Exercise description
An exact reproduction is needed of every line from the beginning of the data down to and including the line that contains "Black & White Abstract No. 2 | gold Poster", minus the pictures.
---- Dataset content
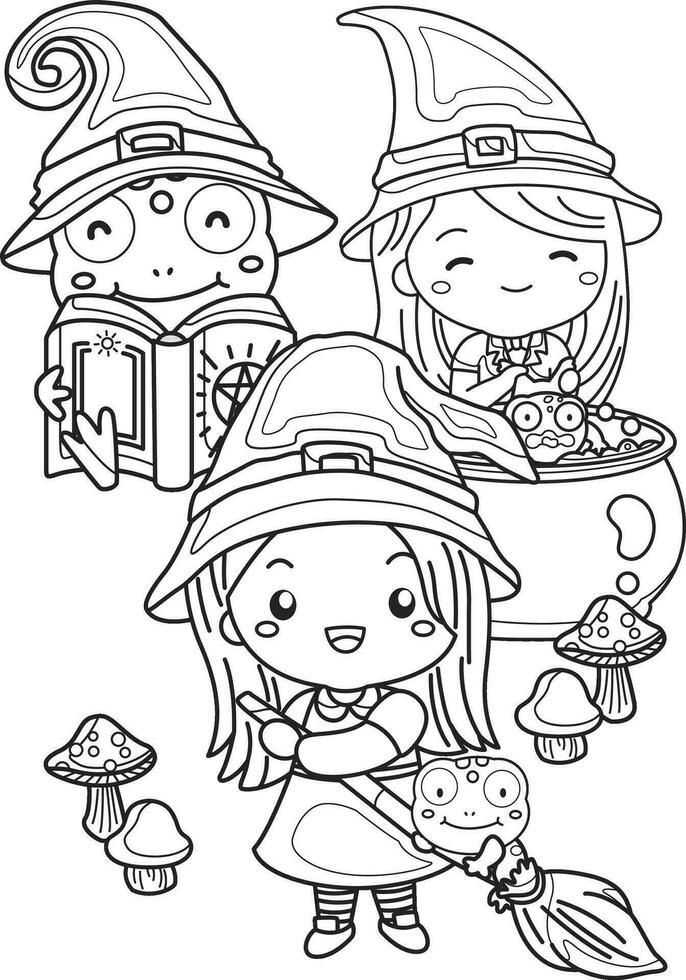 fofa bruxa dia das Bruxas crianças e rã desenho animado coloração Páginas para crianças e adulto atividade vetor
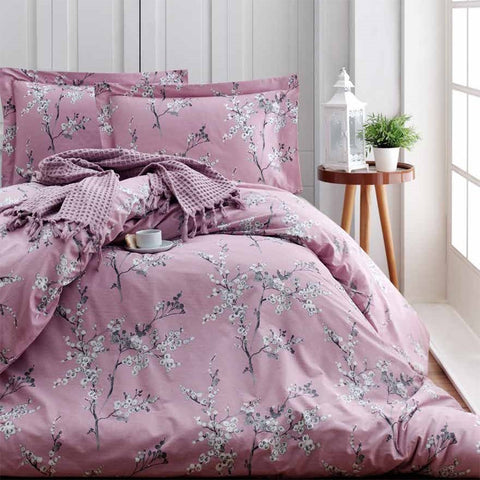 Keep London Dried Rose Poplin Double Duvet Cover Set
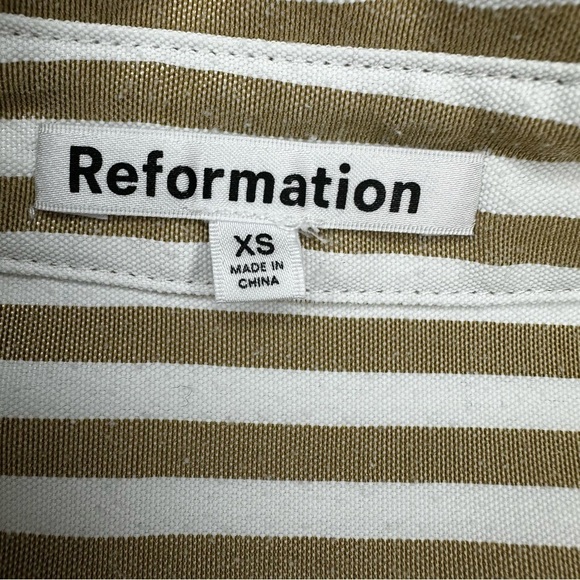 Reformation Womens Striped Button Down Deadstock XS Shirt Distressed - Picture 2 of 12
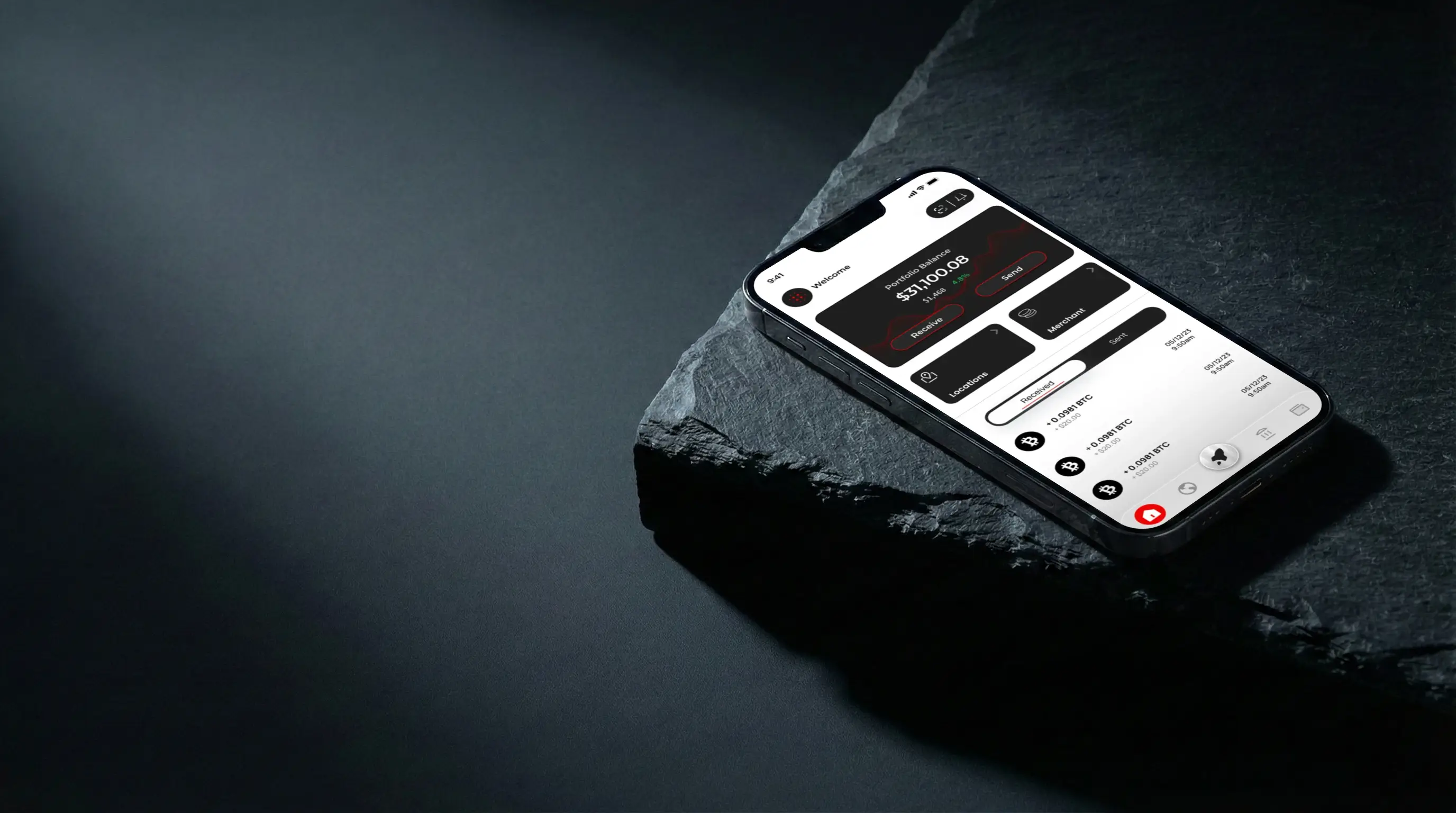 The ByteVault wallet app running on a phone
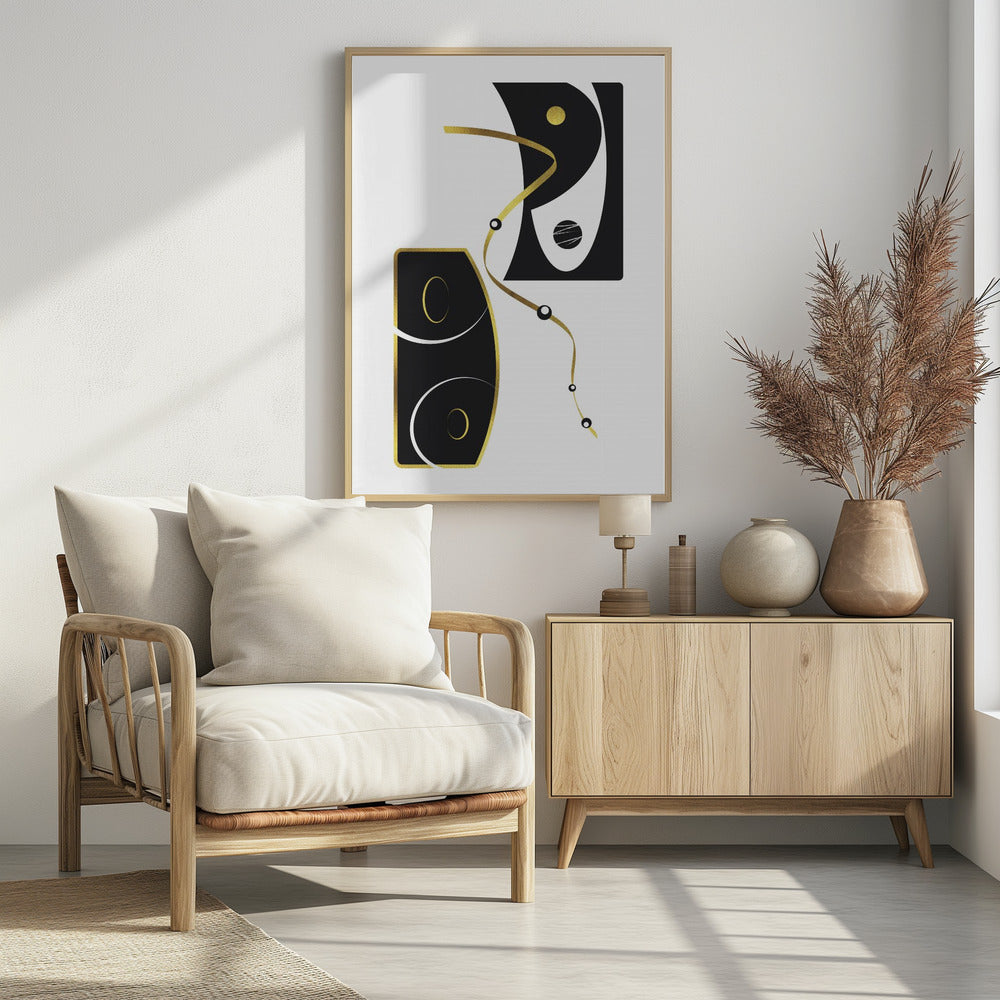Black & White Abstract No. 2 | gold Poster
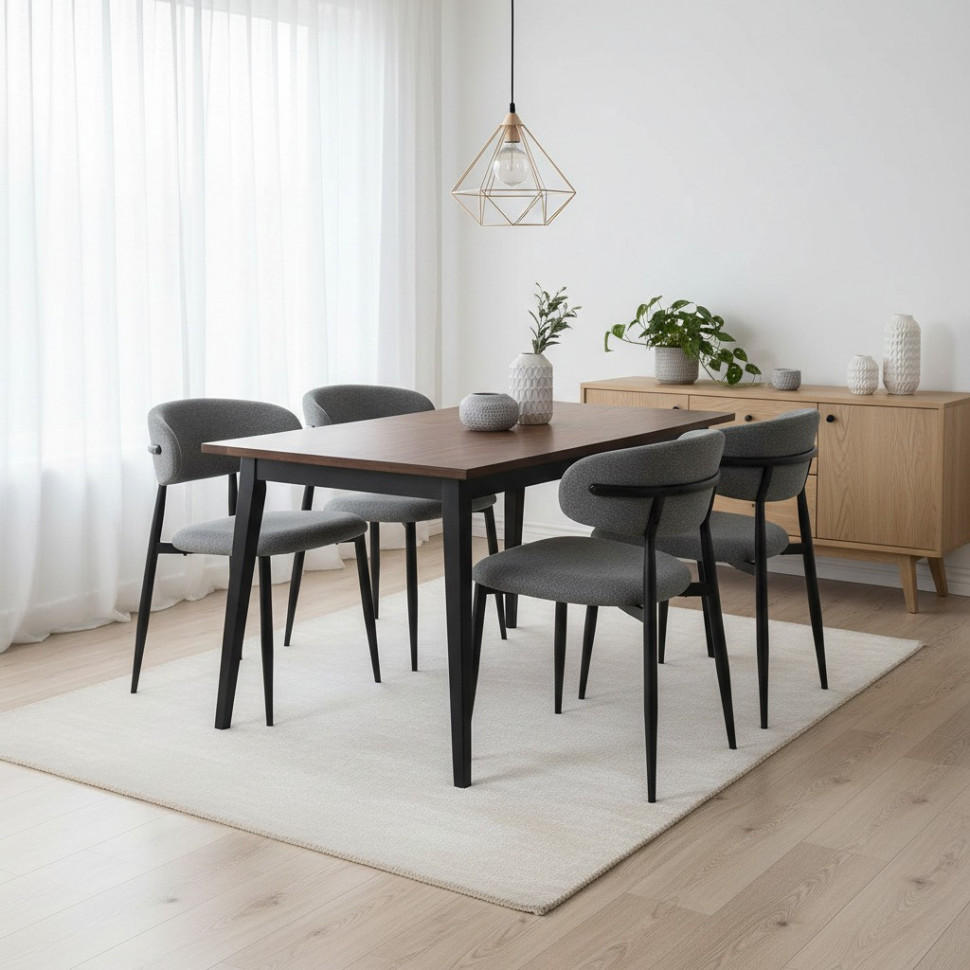 Стул обеденный Belsay/Белси велюр/металл, светло-серый/черный, 46х53х79см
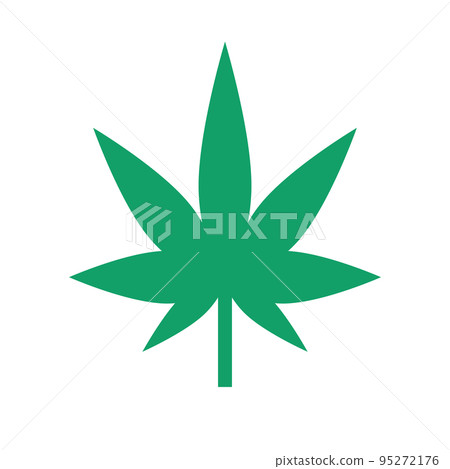 Simple cannabis leaf icon. Marijuana icon. drug. vector. 95272176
--------
Finished task
 fofa bruxa dia das Bruxas crianças e rã desenho animado coloração Páginas para crianças e adulto atividade vetor
 Keep London Dried Rose Poplin Double Duvet Cover Set
 Reformation Womens Striped Button Down Deadstock XS Shirt Distressed - Picture 2 of 12
 The ByteVault wallet app running on a phone
Black & White Abstract No. 2 | gold Poster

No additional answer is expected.